++++ DATA FOR ANALYSIS ++++

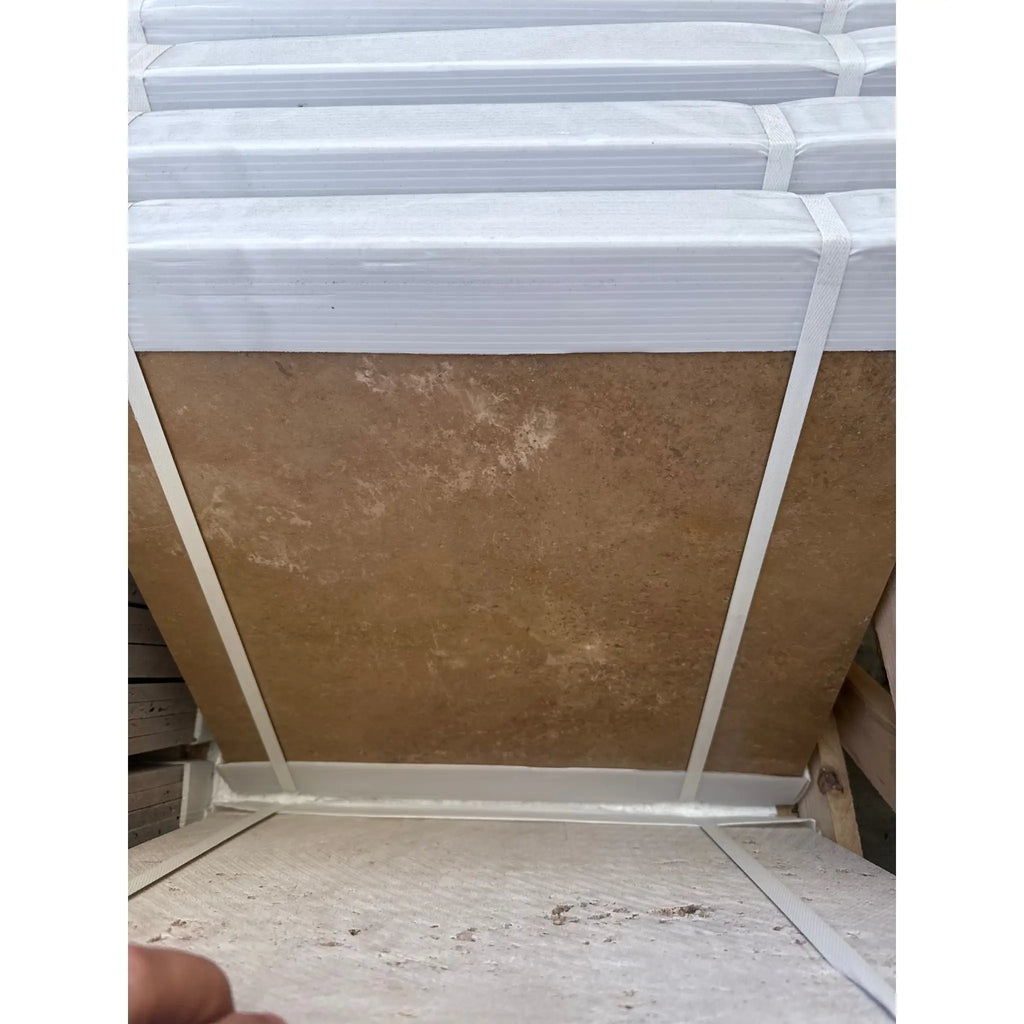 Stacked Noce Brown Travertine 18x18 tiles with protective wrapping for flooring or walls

++++
++++ DATA FOR ANALYSIS ++++

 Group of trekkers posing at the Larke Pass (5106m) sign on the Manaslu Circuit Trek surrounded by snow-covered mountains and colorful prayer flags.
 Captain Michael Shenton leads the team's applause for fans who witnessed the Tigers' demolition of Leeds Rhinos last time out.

++++
++++ DATA FOR ANALYSIS ++++

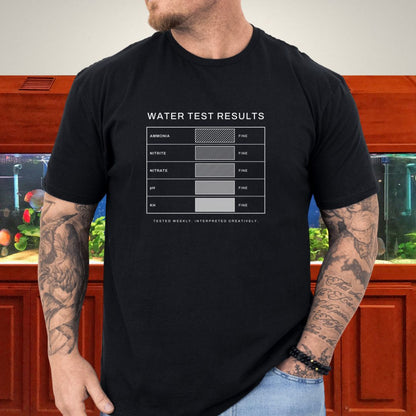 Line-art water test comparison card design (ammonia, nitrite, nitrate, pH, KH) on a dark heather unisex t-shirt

++++

_EXERCISE REQUIREMENTS_
Repeat the entries above verbatim, but only from the line that has "Group of trekkers" down to the line that has "Captain Michael Shenton", inclusive.

_TASK OUTPUT_
 Group of trekkers posing at the Larke Pass (5106m) sign on the Manaslu Circuit Trek surrounded by snow-covered mountains and colorful prayer flags.
 Captain Michael Shenton leads the team's applause for fans who witnessed the Tigers' demolition of Leeds Rhinos last time out.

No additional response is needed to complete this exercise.